BEGIN Data excerpts
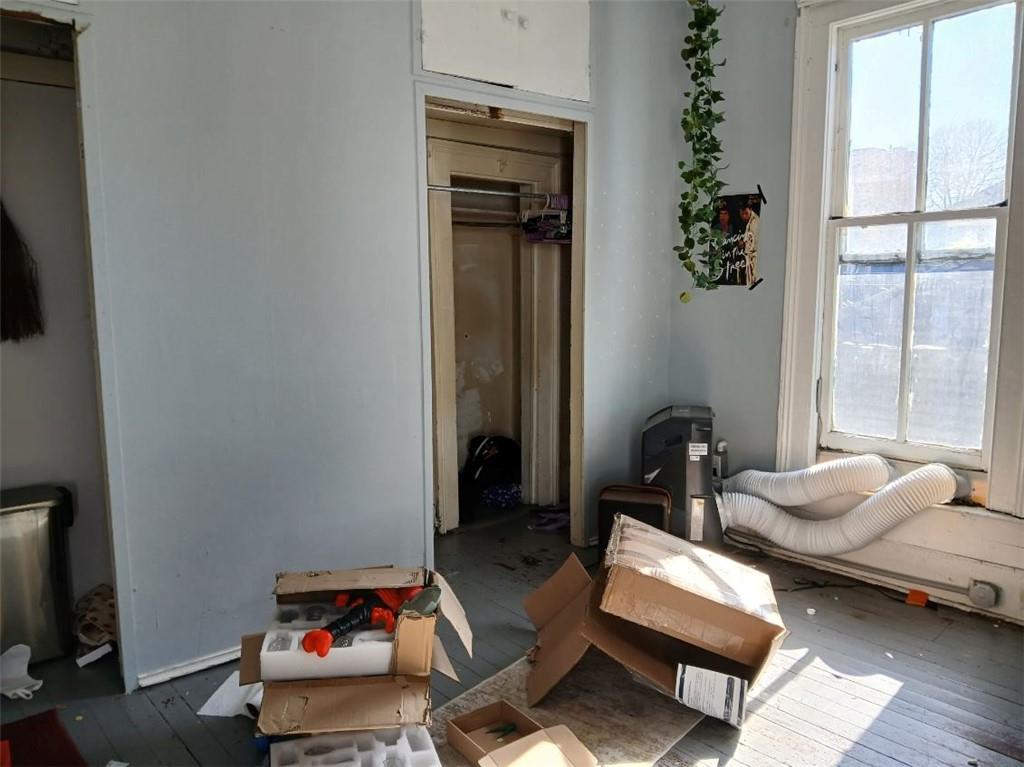 521 Monroe Street Macon, GA 31201 - Photo 17 of 19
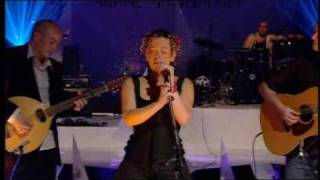 Kate Rusby - Fare Thee Well (Live)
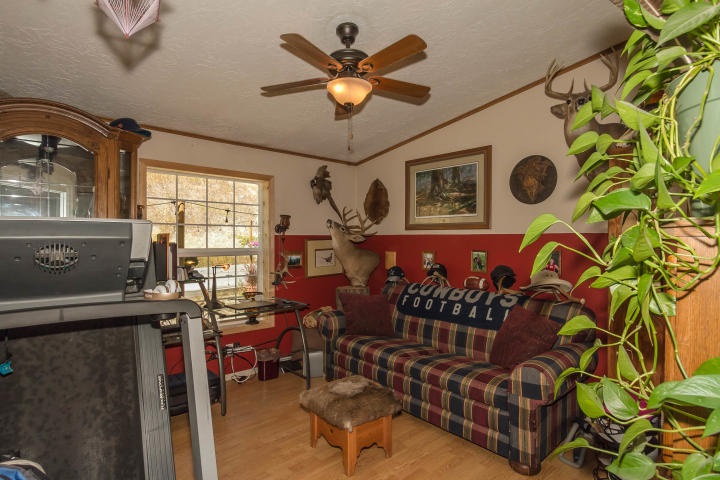 966 Artman-Gibson Road Colville, WA 99114 - Photo 13 of 41
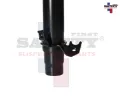 Imagen de AMORTIGUADOR DELANTERA DER ODYSSEY 95-98 GAS 341200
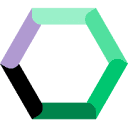 BCS logo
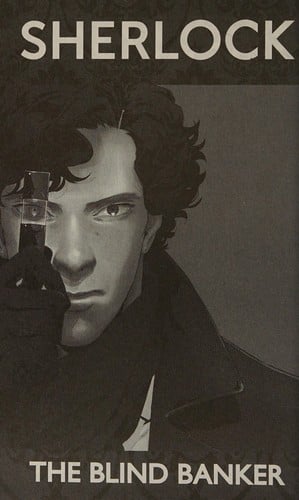 Sherlock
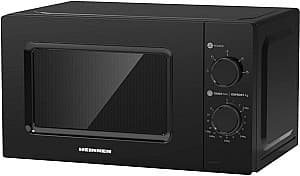 Микроволновка Heinner HMW-MD20MBK
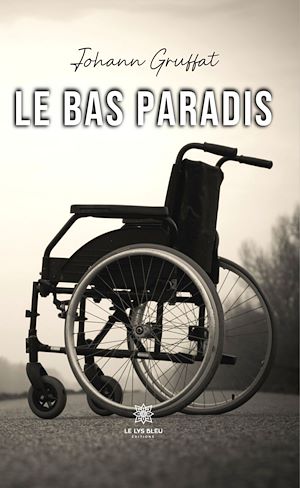 Download the eBook: Le bas paradis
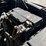 2017-dodge-1500-image-42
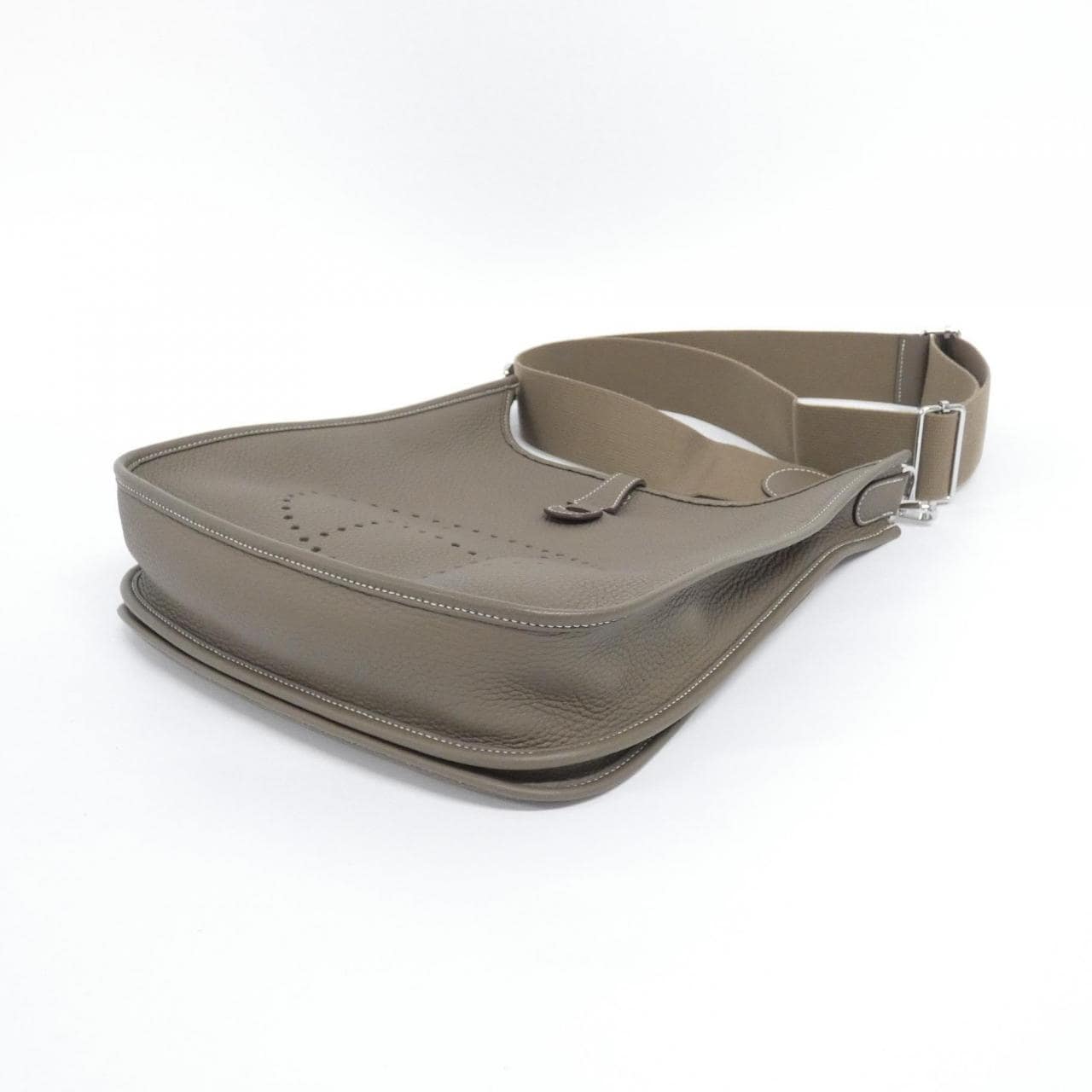 エルメス エヴリン3 PM 056277CK ショルダーバッグ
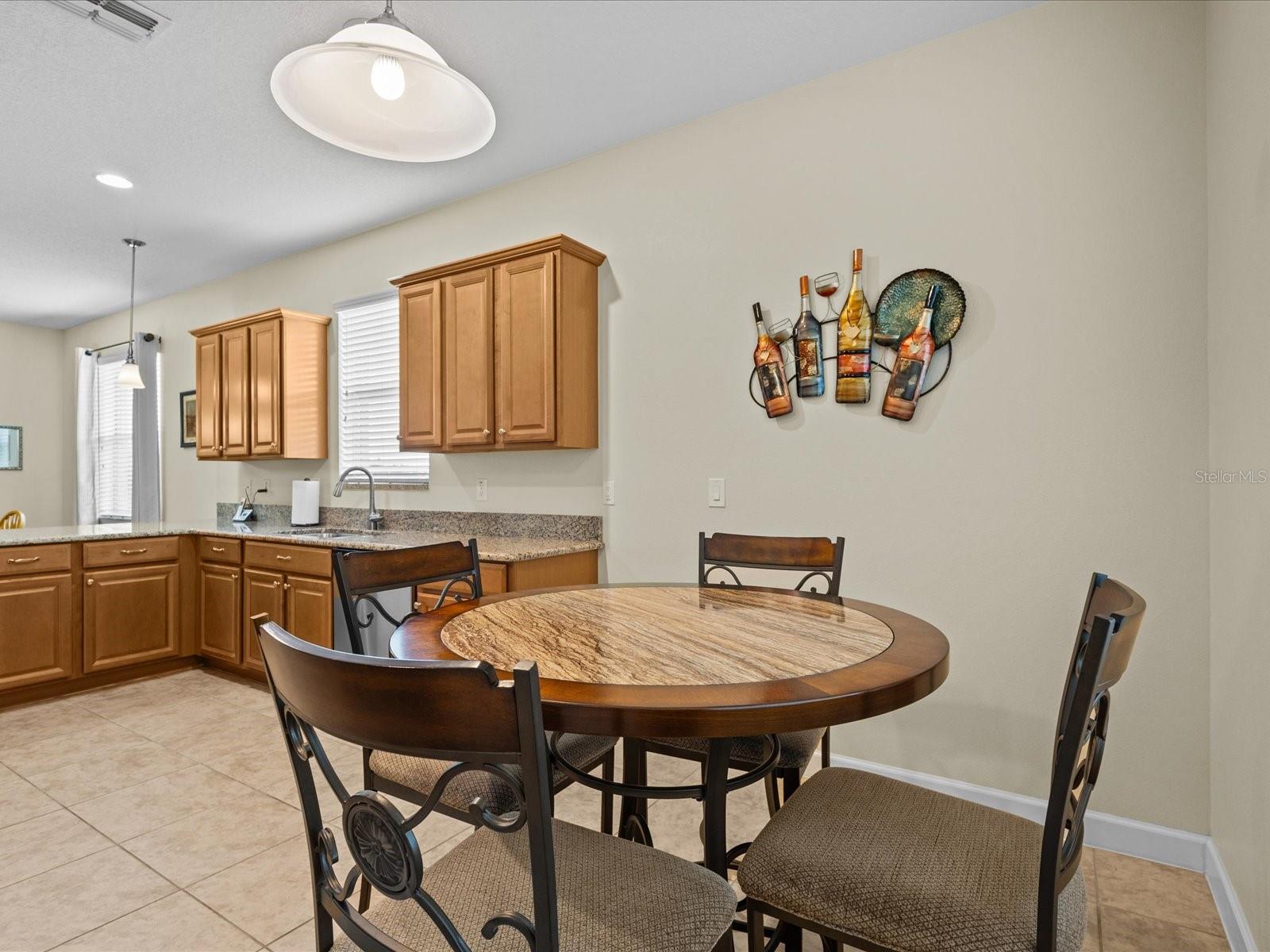 Image 14 of 48 For 3801 Serena Lane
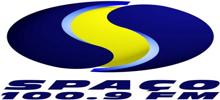 Spaco FM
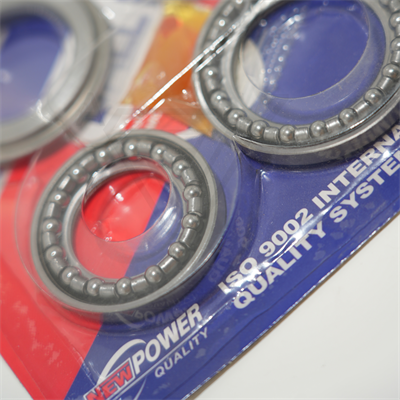 CUP 100 ÖN DÜZEN BİLYASI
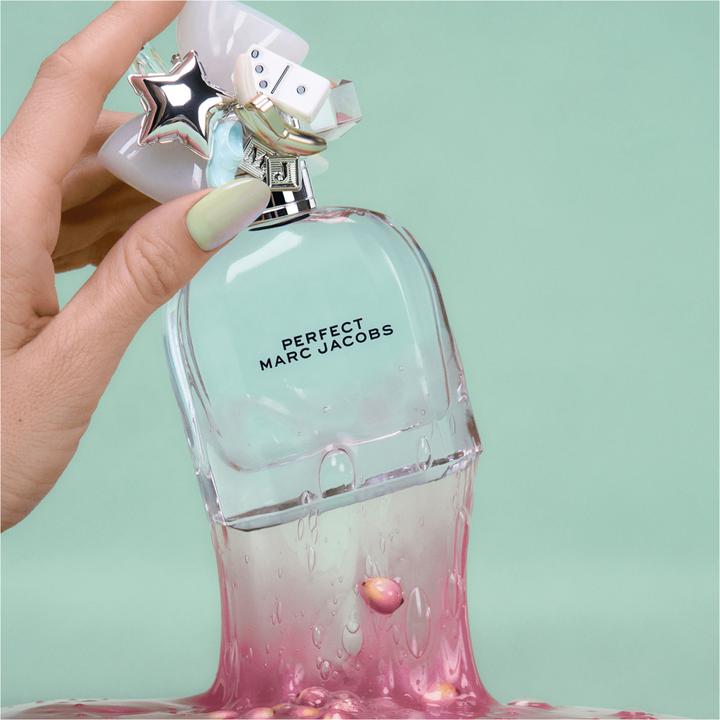 Immagine prodotto Marc Jacobs EDT perfetto - 50ml (Eau de toilette, 50 ml)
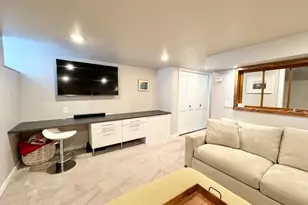 2015 James Ave, Saint Paul, MN 55105 - Photo 28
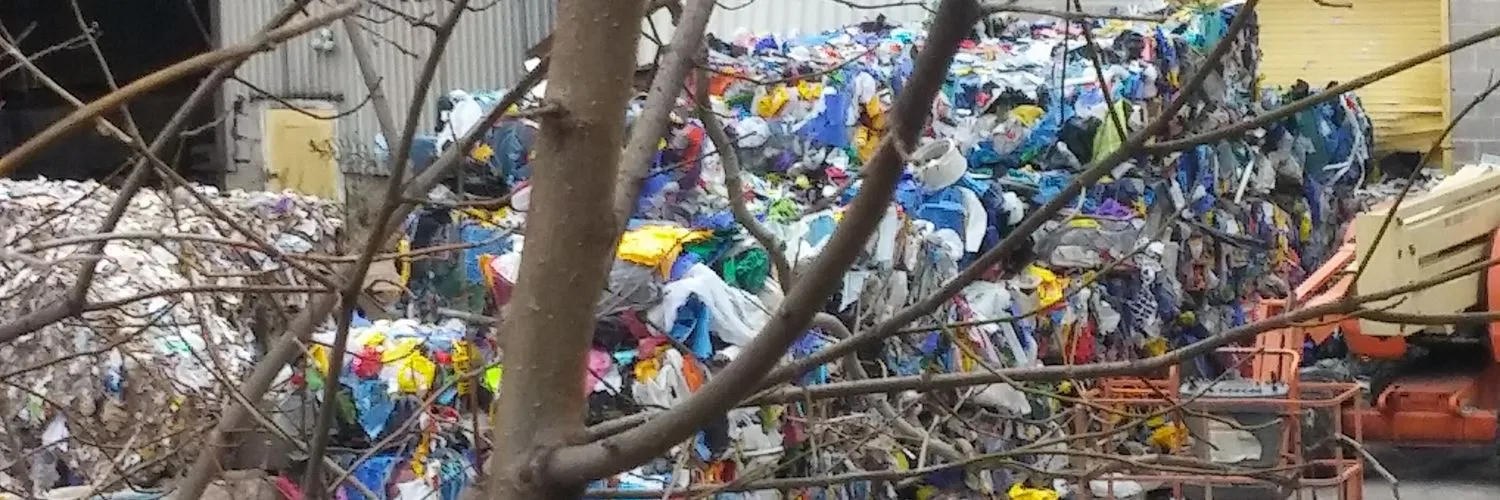 Superiorscumbag OnlyFans header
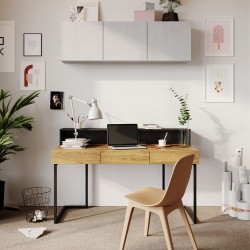 Miniaturbild von Jugendzimmer-Set Teen Flex IX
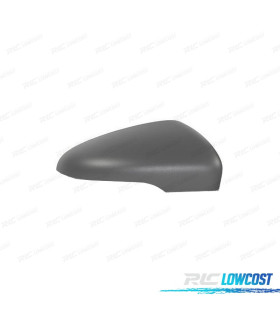 COQUE RÉTROVISEUR DROIT VOLKSWAGEN VW TOURAN 10-15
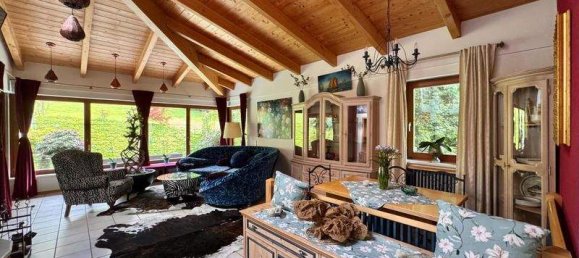 Casa de 2 habitaciónes en Reichenau im Muhlkreis, Austria No. 167800 23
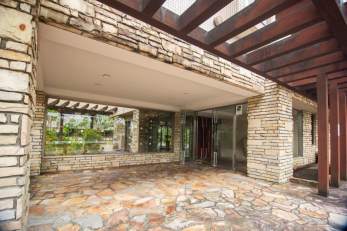 �G���g�����X�@-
END Data excerpts
*Exercise objective:*
Leave out the pictures and copy exactly the lines from the one with "CUP 100 ÖN DÜZEN BİLYASI" through the last line of the records above.

*Written response:*
 CUP 100 ÖN DÜZEN BİLYASI
 Immagine prodotto Marc Jacobs EDT perfetto - 50ml (Eau de toilette, 50 ml)
 2015 James Ave, Saint Paul, MN 55105 - Photo 28
 Superiorscumbag OnlyFans header
 Miniaturbild von Jugendzimmer-Set Teen Flex IX
 COQUE RÉTROVISEUR DROIT VOLKSWAGEN VW TOURAN 10-15
 Casa de 2 habitaciónes en Reichenau im Muhlkreis, Austria No. 167800 23
 �G���g�����X�@-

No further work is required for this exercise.